Implikasi Sosial dan Budaya
Ungkapan "lacrima nihil citius arescit" juga memiliki
implikasi yang signifikan dalam konteks sosial dan budaya. Secara tradisional,
ungkapan ini mungkin mencerminkan sikap tertentu terhadap penderitaan dan
ekspresi emosi. Dalam beberapa budaya, terutama yang dipengaruhi oleh
Stoikisme, menunjukkan kesedihan secara terbuka mungkin dianggap sebagai tanda
kelemahan atau ketidakmampuan untuk mengendalikan diri. Air mata yang cepat
mengering bisa dilihat sebagai ideal yang diharapkan dari individu yang kuat
dan rasional, yang mampu mengatasi emosinya dengan cepat dan kembali ke keadaan
normal.
Di sisi lain, dalam budaya yang lebih kolektivis, seperti banyak budaya
di Asia, ungkapan ini mungkin ditafsirkan dengan cara yang berbeda. Dalam
konteks ini, air mata mungkin dianggap sebagai bagian penting dari proses
penyembuhan kolektif, di mana ekspresi kesedihan bersama-sama dianggap sebagai
cara untuk memperkuat ikatan sosial dan mendukung satu sama lain. Namun, bahkan
dalam konteks ini, ada pengakuan bahwa kesedihan tidak dapat bertahan
selamanya, dan proses pemulihan harus diikuti dengan kembalinya ke kehidupan
sehari-hari.
Selain itu, ungkapan ini juga dapat dikaitkan dengan kritik terhadap
ketidakpedulian sosial. Dalam masyarakat modern, di mana perhatian terhadap
penderitaan sering kali singkat dan dangkal, ungkapan ini bisa mengkritik
bagaimana masyarakat dengan cepat melupakan penderitaan orang lain setelah
peristiwa tragis berlalu. Dalam konteks ini, air mata yang cepat mengering bisa
menjadi simbol dari ketidakmampuan atau ketidakmauan masyarakat untuk
benar-benar peduli dan terlibat dalam penderitaan orang lain secara mendalam
dan berkelanjutan.
Referensi
1.
Seneca, L. A. (1917). Moral Letters to Lucilius.
2.
Ovid. (2004). Metamorphoses (A. D. Melville,
Trans.). Oxford University Press.
3.
Nussbaum, M. C. (1994). The Therapy of Desire:
Theory and Practice in Hellenistic Ethics. Princeton University Press.
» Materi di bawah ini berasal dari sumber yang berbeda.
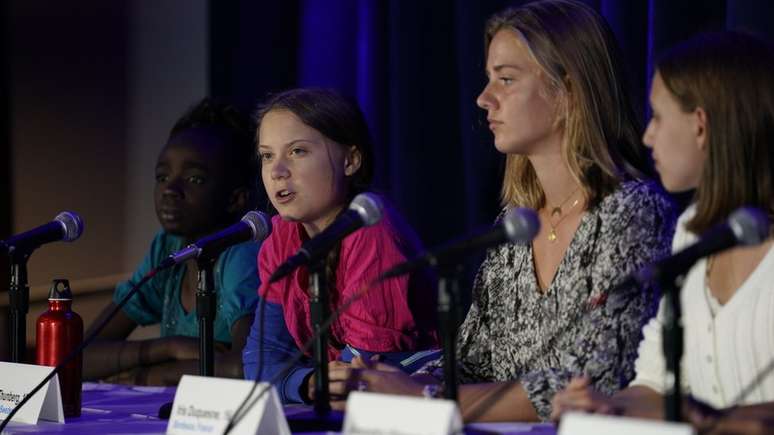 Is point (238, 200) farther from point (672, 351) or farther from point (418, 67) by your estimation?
point (672, 351)

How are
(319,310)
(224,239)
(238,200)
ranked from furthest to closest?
(238,200) → (224,239) → (319,310)

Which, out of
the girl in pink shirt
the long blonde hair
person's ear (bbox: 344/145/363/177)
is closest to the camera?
the long blonde hair

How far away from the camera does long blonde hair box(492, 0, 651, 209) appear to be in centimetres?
212

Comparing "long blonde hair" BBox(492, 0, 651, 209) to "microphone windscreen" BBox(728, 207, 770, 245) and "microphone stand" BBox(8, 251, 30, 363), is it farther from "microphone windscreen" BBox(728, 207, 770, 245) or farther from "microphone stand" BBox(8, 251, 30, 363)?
"microphone stand" BBox(8, 251, 30, 363)

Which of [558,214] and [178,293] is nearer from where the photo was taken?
[558,214]

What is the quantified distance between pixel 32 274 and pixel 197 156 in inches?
64.7

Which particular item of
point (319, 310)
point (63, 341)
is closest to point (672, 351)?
point (319, 310)

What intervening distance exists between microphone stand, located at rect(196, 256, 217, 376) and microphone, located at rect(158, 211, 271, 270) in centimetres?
2

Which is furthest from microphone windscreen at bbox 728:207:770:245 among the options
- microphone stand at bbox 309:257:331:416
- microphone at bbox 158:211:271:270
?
microphone at bbox 158:211:271:270

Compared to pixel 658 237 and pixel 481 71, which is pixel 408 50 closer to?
pixel 481 71

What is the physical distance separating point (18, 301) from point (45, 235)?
5.2 inches

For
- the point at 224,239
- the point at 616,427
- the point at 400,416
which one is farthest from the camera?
the point at 224,239

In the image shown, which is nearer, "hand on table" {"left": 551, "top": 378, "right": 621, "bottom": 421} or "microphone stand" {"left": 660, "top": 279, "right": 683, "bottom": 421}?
"microphone stand" {"left": 660, "top": 279, "right": 683, "bottom": 421}

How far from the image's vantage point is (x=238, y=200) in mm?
3150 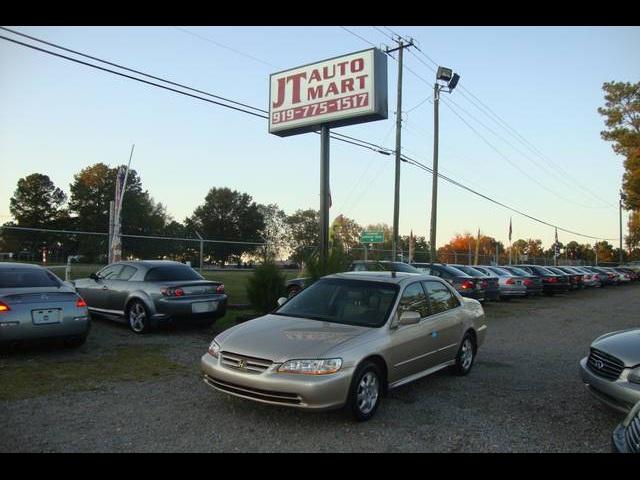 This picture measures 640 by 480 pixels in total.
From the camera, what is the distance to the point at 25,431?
14.8 feet

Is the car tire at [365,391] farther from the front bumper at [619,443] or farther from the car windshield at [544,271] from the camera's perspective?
the car windshield at [544,271]

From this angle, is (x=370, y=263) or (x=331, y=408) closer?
(x=331, y=408)

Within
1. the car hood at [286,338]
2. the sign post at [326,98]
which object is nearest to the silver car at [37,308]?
the car hood at [286,338]

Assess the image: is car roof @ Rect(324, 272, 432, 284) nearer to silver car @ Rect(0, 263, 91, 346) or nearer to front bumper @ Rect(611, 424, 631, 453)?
front bumper @ Rect(611, 424, 631, 453)

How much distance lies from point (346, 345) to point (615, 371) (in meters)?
2.63

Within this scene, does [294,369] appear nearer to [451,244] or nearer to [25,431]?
[25,431]

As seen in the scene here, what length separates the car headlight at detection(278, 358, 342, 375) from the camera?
15.1 ft

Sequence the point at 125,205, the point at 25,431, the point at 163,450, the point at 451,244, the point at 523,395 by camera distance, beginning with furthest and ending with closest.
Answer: the point at 451,244 → the point at 125,205 → the point at 523,395 → the point at 25,431 → the point at 163,450

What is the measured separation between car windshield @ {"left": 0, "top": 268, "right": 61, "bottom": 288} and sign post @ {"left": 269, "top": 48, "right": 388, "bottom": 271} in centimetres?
589

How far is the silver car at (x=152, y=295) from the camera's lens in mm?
9297

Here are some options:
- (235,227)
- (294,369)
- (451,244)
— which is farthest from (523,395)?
(451,244)

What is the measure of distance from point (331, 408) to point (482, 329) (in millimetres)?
3815

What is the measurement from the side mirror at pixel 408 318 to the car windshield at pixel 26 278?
539 centimetres

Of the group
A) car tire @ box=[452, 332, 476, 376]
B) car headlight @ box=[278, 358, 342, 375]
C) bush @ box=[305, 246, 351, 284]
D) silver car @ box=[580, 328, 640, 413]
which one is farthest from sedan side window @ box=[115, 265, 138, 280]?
silver car @ box=[580, 328, 640, 413] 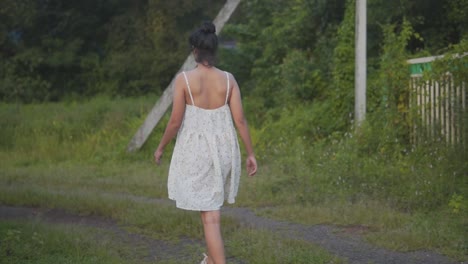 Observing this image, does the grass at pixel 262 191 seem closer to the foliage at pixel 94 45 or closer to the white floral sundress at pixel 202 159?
the white floral sundress at pixel 202 159

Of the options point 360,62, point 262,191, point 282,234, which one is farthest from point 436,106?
point 282,234

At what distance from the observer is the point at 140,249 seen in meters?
7.46

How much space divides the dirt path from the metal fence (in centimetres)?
312

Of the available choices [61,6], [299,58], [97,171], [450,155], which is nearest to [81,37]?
[61,6]

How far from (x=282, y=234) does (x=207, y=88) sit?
2507mm

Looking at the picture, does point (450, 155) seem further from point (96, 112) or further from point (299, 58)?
point (96, 112)

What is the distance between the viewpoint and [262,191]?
10.5 metres

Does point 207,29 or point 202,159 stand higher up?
point 207,29

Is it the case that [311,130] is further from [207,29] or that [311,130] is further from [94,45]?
[94,45]

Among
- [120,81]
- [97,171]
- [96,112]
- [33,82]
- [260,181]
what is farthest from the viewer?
[120,81]

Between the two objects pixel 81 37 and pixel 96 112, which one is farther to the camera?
pixel 81 37

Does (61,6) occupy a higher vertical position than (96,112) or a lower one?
higher

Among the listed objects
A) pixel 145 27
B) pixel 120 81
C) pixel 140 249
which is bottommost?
pixel 140 249

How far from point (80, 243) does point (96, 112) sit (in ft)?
37.2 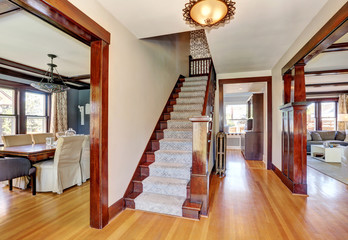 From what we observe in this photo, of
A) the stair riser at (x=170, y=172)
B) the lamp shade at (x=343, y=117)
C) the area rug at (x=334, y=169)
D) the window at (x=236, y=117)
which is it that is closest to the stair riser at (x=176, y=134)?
the stair riser at (x=170, y=172)

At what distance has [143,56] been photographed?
2.92 metres

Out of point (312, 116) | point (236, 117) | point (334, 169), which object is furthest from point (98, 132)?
point (312, 116)

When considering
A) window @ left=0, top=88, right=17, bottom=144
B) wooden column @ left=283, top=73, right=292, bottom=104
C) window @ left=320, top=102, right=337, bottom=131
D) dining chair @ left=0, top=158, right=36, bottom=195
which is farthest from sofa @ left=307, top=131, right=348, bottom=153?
window @ left=0, top=88, right=17, bottom=144

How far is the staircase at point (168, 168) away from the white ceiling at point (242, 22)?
5.01 ft

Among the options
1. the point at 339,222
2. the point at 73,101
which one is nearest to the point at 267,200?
the point at 339,222

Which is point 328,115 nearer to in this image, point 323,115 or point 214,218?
point 323,115

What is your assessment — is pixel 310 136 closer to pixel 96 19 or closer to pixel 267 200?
pixel 267 200

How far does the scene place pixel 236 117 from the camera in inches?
336

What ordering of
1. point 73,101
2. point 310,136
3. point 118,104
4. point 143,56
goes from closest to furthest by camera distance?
point 118,104 < point 143,56 < point 73,101 < point 310,136

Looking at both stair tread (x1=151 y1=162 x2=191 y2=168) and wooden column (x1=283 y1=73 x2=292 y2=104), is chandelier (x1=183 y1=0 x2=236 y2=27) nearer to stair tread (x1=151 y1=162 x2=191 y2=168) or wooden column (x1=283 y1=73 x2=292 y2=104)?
stair tread (x1=151 y1=162 x2=191 y2=168)

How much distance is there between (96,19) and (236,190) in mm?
3189

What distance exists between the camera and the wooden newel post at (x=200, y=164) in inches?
86.1

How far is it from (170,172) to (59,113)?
4854mm

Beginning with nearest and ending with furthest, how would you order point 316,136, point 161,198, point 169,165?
point 161,198, point 169,165, point 316,136
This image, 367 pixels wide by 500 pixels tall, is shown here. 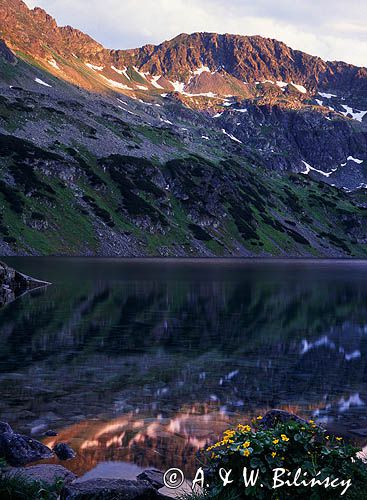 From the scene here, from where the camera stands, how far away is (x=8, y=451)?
53.7 ft

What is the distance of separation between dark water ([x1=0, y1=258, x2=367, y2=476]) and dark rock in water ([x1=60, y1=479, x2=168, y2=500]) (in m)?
3.47

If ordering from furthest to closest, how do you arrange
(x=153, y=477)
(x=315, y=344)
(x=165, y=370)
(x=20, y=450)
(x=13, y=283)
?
1. (x=13, y=283)
2. (x=315, y=344)
3. (x=165, y=370)
4. (x=20, y=450)
5. (x=153, y=477)

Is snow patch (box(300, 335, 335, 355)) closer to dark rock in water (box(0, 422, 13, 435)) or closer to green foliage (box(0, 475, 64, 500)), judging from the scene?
dark rock in water (box(0, 422, 13, 435))

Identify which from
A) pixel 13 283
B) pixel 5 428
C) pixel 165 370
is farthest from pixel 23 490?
pixel 13 283

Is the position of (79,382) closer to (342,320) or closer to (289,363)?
(289,363)

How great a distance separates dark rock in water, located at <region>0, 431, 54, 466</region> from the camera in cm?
1619

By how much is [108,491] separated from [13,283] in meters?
64.2

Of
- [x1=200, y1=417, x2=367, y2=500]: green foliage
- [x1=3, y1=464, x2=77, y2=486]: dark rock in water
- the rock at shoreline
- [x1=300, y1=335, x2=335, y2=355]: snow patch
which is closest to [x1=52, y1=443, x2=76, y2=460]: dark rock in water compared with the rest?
the rock at shoreline

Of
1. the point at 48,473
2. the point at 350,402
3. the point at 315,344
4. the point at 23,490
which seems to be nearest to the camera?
the point at 23,490

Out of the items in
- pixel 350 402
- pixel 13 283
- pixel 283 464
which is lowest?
pixel 13 283

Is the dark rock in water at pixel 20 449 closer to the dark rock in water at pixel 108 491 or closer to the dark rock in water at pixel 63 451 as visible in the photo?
the dark rock in water at pixel 63 451

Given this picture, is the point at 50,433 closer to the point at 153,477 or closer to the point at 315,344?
the point at 153,477

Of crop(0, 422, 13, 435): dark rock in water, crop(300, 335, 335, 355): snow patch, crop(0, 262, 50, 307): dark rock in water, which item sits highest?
crop(0, 422, 13, 435): dark rock in water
4. Brickman, P., & Campbell, D. T. (1971). Hedonic
Relativism and Planning the Good Society. In M. H. Appley (Ed.), Adaptation
Level Theory: A Symposium (pp. 287-302). Academic Press.
5. Bonanno, G. A. (2004). Loss, trauma, and human
resilience: Have we underestimated the human capacity to thrive after extremely
aversive events? American Psychologist, 59(1), 20-28.
6.
Lazarus, R. S., & Folkman, S. (1984). Stress,
Appraisal, and Coping. Springer Publishing Company.